4

I'm currently at around 7 billion rows on one table and approaching the max disk space for the entire database.

I need to start saving new data on the one large table to a new disk.

I've looked at partitioning by datetime, which seems the obvious choice This is an interim solution before we get a new server in 6 months, but need a "now" solution.

How would I achieve this? Can I implement manual partitioning so all new data goes to the new disk?

Everything I've seen requires creating something like a monthly option, whereas I just want to put all new stuff on a new disk.

One option is to split the existing data by month, and then manually move the partitions around.

I'm not even sure if this is possible, so would appreciate some feedback on the best solution to achieve the above.

SQL Server 2017 Enterprise Edition.

0
6

The normal short-term solution here is to simply move some indexes and tables to the new filegroup to free up space in the primary filegroup.

But

Can I implement manual partitioning so all new data goes to the new disk?

Yes you can.

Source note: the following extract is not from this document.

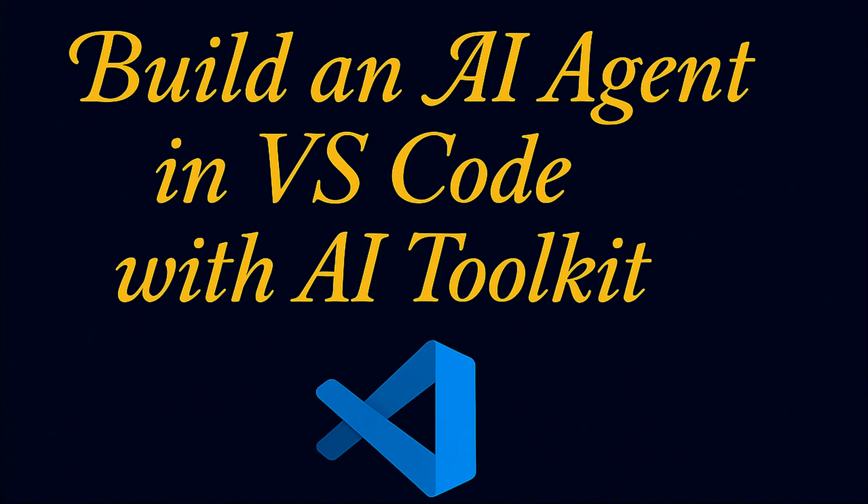Hello everyone, welcome back to my channel. In this video I'm going to show you how you can build an AI agent inside VS Code. This time we will not be utilizing external tools, rather we will be utilizing VS Code with proper extensions installed so that we can create our own agent and test it locally.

The key idea is to create a new table on a partition scheme that is compatible with the existing table, and partitioned on a clustered index key column. Then switch the table into a partition on that partition scheme, and split its partition function so new rows go to the new filegroup.

And I just discovered that you can create a partitioned table with only the "primordial" partition, and then switch a non-partitioned table into the primordial partition without needing a CHECK constraint on the non-partitioned table.

Here's an end-to-end demo:

use master 
go
drop database parttest 

go
create database parttest 
go

use parttest 
go
drop table if exists large
go
create table large(id int identity primary key, a char(1000), b int, c datetime);
create index ix_large_b on large(b);

--load some data
with q as 
(
  select top 100000 row_number() over (order by (select null)) n
  from sys.messages m, sys.objects o
)
insert into large(a,b,c) 
select replicate('z',n%989), n%39, getdate()-n%1000
from q;

--add a new filegroup with a single file
alter database current 
  add filegroup newfg

alter database current 
  add file (name = 'newfg_data', filename = 'c:\temp\newfg_data.mdf')
  to filegroup newfg 

--create the new partition function and partition scheme 
--but don't specify any boundary points, so the target
--table can be switched in without a check constraint
create partition function pf_large(int) 
  as range right for values ()

 create partition scheme ps_large 
   as partition pf_large all to ([Primary])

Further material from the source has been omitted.